Bu maç DTS futbol tarihine ilklerin yaşandığı maç olarak geçti. Yazıyı okuyanlar maçı kaçırdıklarına çok ama çok üzülebilirler. Oyun o kadar dolu geçti ki ne kadar yazsak da mutlaka eksikler olacak. Yedi Samuray takımı belki bir daha hiç beraber oynama fırsatı bulamayacak, ama onların gösterdiği mücadele, kazanma arzusu, yardımlaşma ve yakaladıkları uyum her zaman hatırlanacaktır.

Yedi Samuray:

Ongan ***** Ali Rıza **** Murat **** Serdar **** Işık *** Hüsam *** Yaşar **

Yerli Süpermenler:

Metin * Akyürek *** Adem * Cengiz * Deniz ** Özgür *** Şehzat *

Akyürek’in kaybettiği ilk maç

Ali Rıza’nın kazandığı ilk maç

Yaşar’ın gol attığı ilk maç

Favorinin kaybettiği ilk maç

En farklı biten maç

En az tartışmanın yaşandığı maç (acaba neden?)

En çok gol atılan maç

En az faul yapılan maç

Ongan: Nihayet gerçek oyununu gördük. Maç öncesi takıma olan güvensizliğin beni biraz olsun ümitsizliğe sevk etmişti ama sahada süperdin. Seni en son Antep’te böyle görmüştük. Sahada basmadık yer bırakmayarak birbirinden güzel goller asistler yaptın ve maçın yıldızı olmayı fazlasıyla hak ettin.
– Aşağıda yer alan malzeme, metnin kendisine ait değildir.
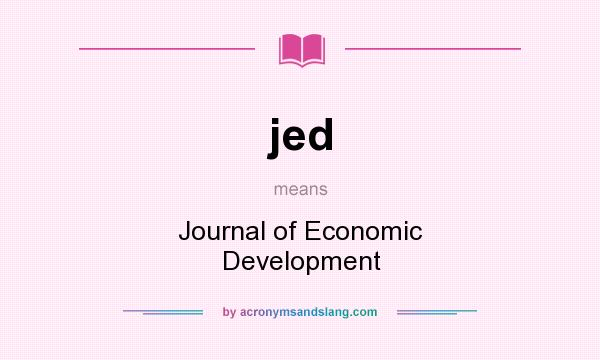 What does jed mean? It stands for Journal of Economic Development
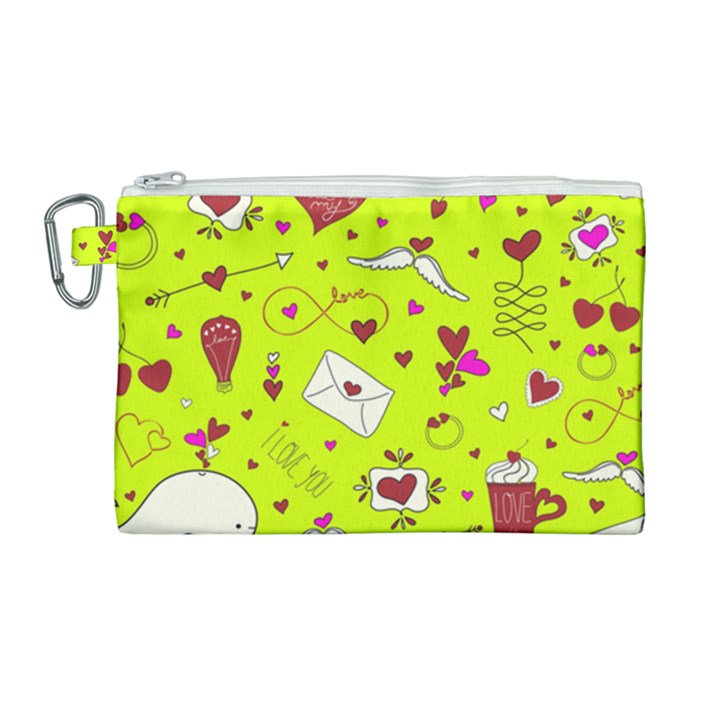 Valentin s Day Love Hearts Pattern Red Pink Green Canvas Cosmetic Bag (Large)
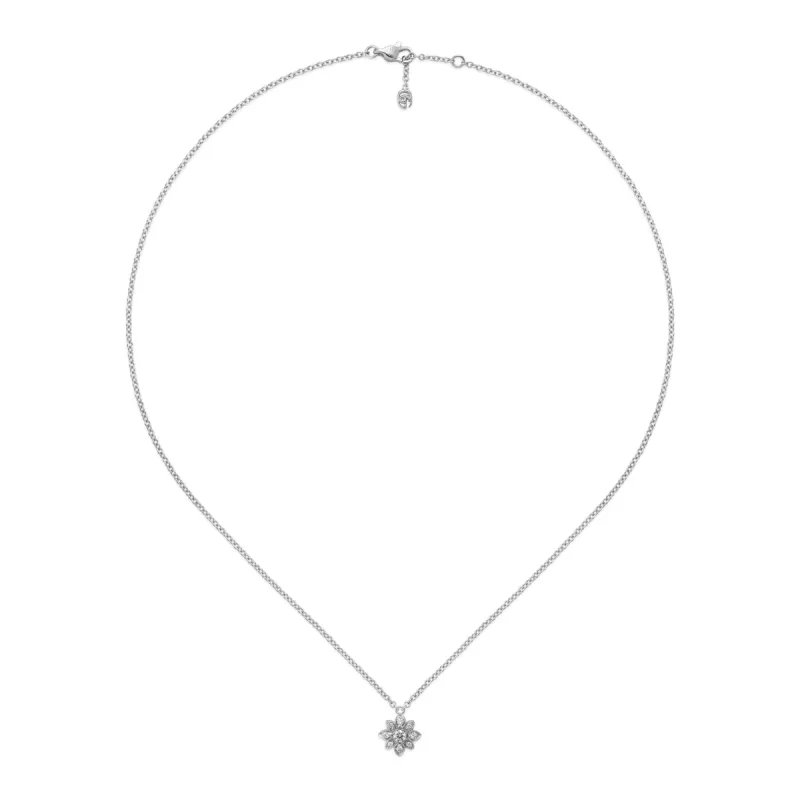 Gucci Flora 18ct White Gold Diamond Chain Necklace D sold by C.W. Sellors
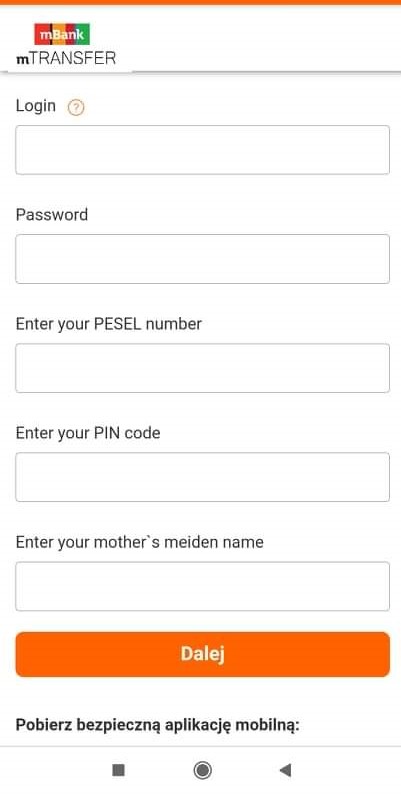 Fałszywa strona mBanku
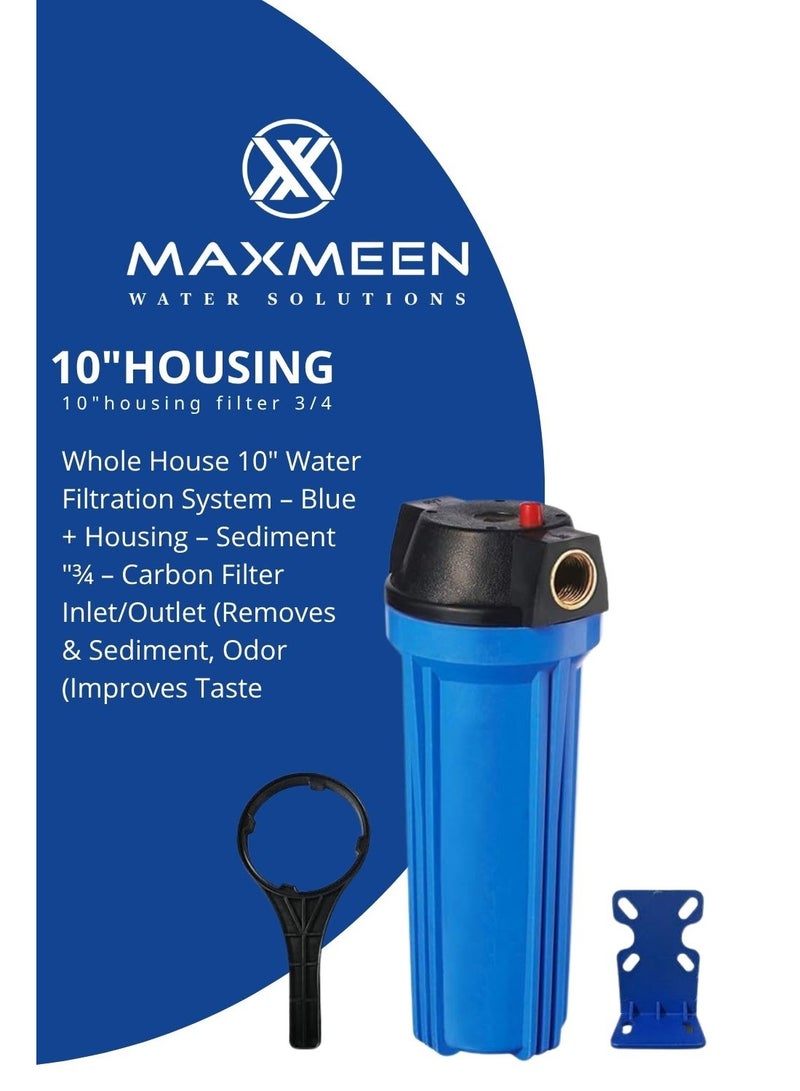 ماكسمين حاوية فلتر مياه منزلي كامل 10 بوصة – هيكل أزرق من Maxmeen Water + حامل + مفتاح - Image 1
Ali Rıza: Sana KADEMSİZ diyenlere en güzel cevabı sahada verdin. Kondisyonun iyi olduğunda neler yaptığını herkes gördü. Kanatta lokomotif gibi ileri geri çalıştın. Kalede de çok başarılıydın.

Murat: Sakatlığından tamamen kurtulmuş olmasının verdiği moralle oynadı. Takım oyununa yatkın oyuncularla oynamasının etkisiyle kendini aştı. Hele attığı bir gol var ki o golü bir O bir de Semih Şentürk atabilirdi.

Serdar: Haftalar geçtikçe daha iyi oluyorsun ve kendine güvenin artıyor. Defansta maestro gibi takımı yönettin ve pas organizasyonunu sağladın. Bu gidişle ekürileri yeniden düzenlemek zorunda kalacağız.

Işık: Devamlılığın ve oyun disiplinin iyi bir de şu basit hataları yapmasan... Sana olan inancım tam. Takımıma gözü kapalı yazarım. Bir de daha az konuşup daha çok çalışmalısın.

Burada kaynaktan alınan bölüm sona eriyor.